Wenzlau Janet M, Juhl Kirstine, Yu Liping, Moua Ong, Sarkar Suparna A, Gottlieb Peter, Rewers Marian, Eisenbarth George S, Jensen Jan, Davidson Howard W, Hutton John C
Barbara Davis Center for Childhood Diabetes, University of Colorado at Denver and Health Sciences Center, 1775 North Ursula Street, Aurora, CO 80045, USA.
Proc Natl Acad Sci U S A. 2007 Oct 23;104(43):17040-5. doi: 10.1073/pnas.0705894104. Epub 2007 Oct 17.
Type 1 diabetes (T1D) results from progressive loss of pancreatic islet mass through autoimmunity targeted at a diverse, yet limited, series of molecules that are expressed in the pancreatic beta cell. Identification of these molecular targets provides insight into the pathogenic process, diagnostic assays, and potential therapeutic agents. Autoantigen candidates were identified from microarray expression profiling of human and rodent pancreas and islet cells and screened with radioimmunoprecipitation assays using new-onset T1D and prediabetic sera. A high-ranking candidate, the zinc transporter ZnT8 (Slc30A8), was targeted by autoantibodies in 60-80% of new-onset T1D compared with <2% of controls and <3% type 2 diabetic and in up to 30% of patients with other autoimmune disorders with a T1D association. ZnT8 antibodies (ZnTA) were found in 26% of T1D subjects classified as autoantibody-negative on the basis of existing markers [glutamate decarboxylase (GADA), protein tyrosine phosphatase IA2 (IA2A), antibodies to insulin (IAA), and islet cytoplasmic autoantibodies (ICA)]. Individuals followed from birth to T1D showed ZnT8A as early as 2 years of age and increasing levels and prevalence persisting to disease onset. ZnT8A generally emerged later than GADA and IAA in prediabetes, although not in a strict order. The combined measurement of ZnT8A, GADA, IA2A, and IAA raised autoimmunity detection rates to 98% at disease onset, a level that approaches that needed to detect prediabetes in a general pediatric population. The combination of bioinformatics and molecular engineering used here will potentially generate other diabetes autoimmunity markers and is also broadly applicable to other autoimmune disorders.
1型糖尿病(T1D)是由于针对胰腺β细胞中一系列多样但有限的分子的自身免疫反应导致胰岛质量逐渐丧失所致。

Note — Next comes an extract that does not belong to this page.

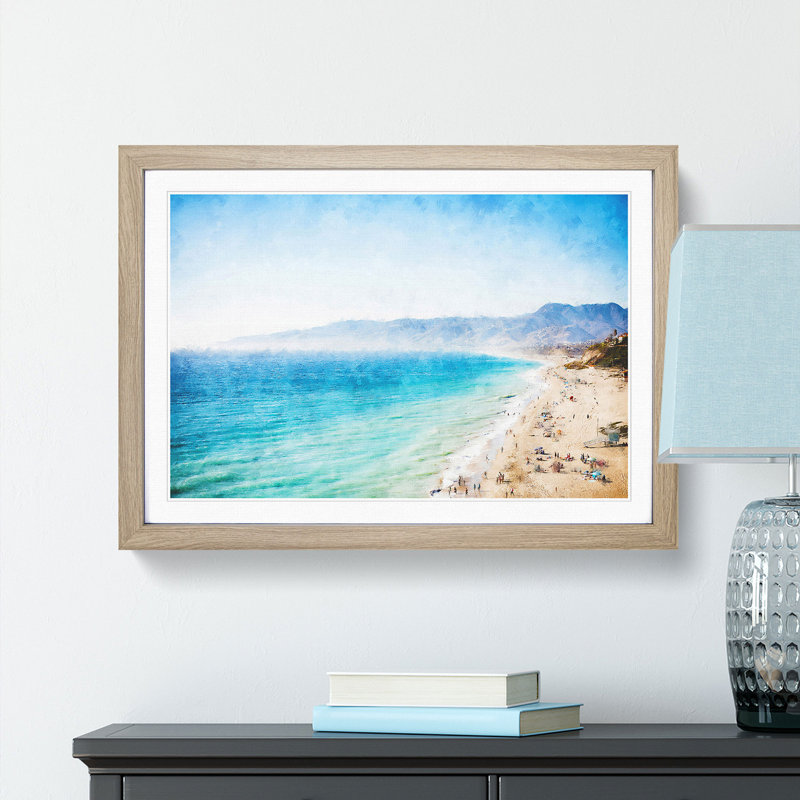Malibu Beach in California - Framed Print, 62cm H x 87cm W x 2cm D, Oak Framed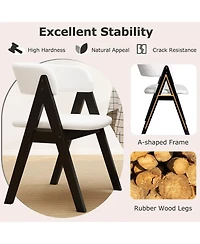 Sugift Mid Century Modern Upholstered Dining Chairs Set of Two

识别这些分子靶点有助于深入了解致病过程、诊断检测方法以及潜在的治疗药物。从人和啮齿动物胰腺及胰岛细胞的微阵列表达谱中鉴定出自身抗原候选物,并使用新发病的T1D和糖尿病前期血清通过放射免疫沉淀试验进行筛选。一个排名靠前的候选物,锌转运体ZnT8(Slc30A8),在60 - 80%的新发病T1D患者中被自身抗体靶向,而对照组中这一比例小于2%,2型糖尿病患者中小于3%,在高达30%与T1D相关的其他自身免疫性疾病患者中也有发现。在根据现有标志物[谷氨酸脱羧酶(GADA)、蛋白酪氨酸磷酸酶IA2(IA2A)、胰岛素抗体(IAA)和胰岛细胞质自身抗体(ICA)]分类为自身抗体阴性的T1D患者中,26%检测到ZnT8抗体(ZnTA)。从出生到患T1D的个体早在2岁时就出现了ZnT8A,且其水平和患病率持续上升直至疾病发作。在糖尿病前期,ZnT8A通常比GADA和IAA出现得晚,尽管并非严格按照此顺序。在疾病发作时,联合检测ZnT8A、GADA、IA2A和IAA可将自身免疫检测率提高到98%,这一水平接近在普通儿科人群中检测糖尿病前期所需的水平。本文所采用的生物信息学和分子工程相结合的方法可能会产生其他糖尿病自身免疫标志物,并且广泛适用于其他自身免疫性疾病。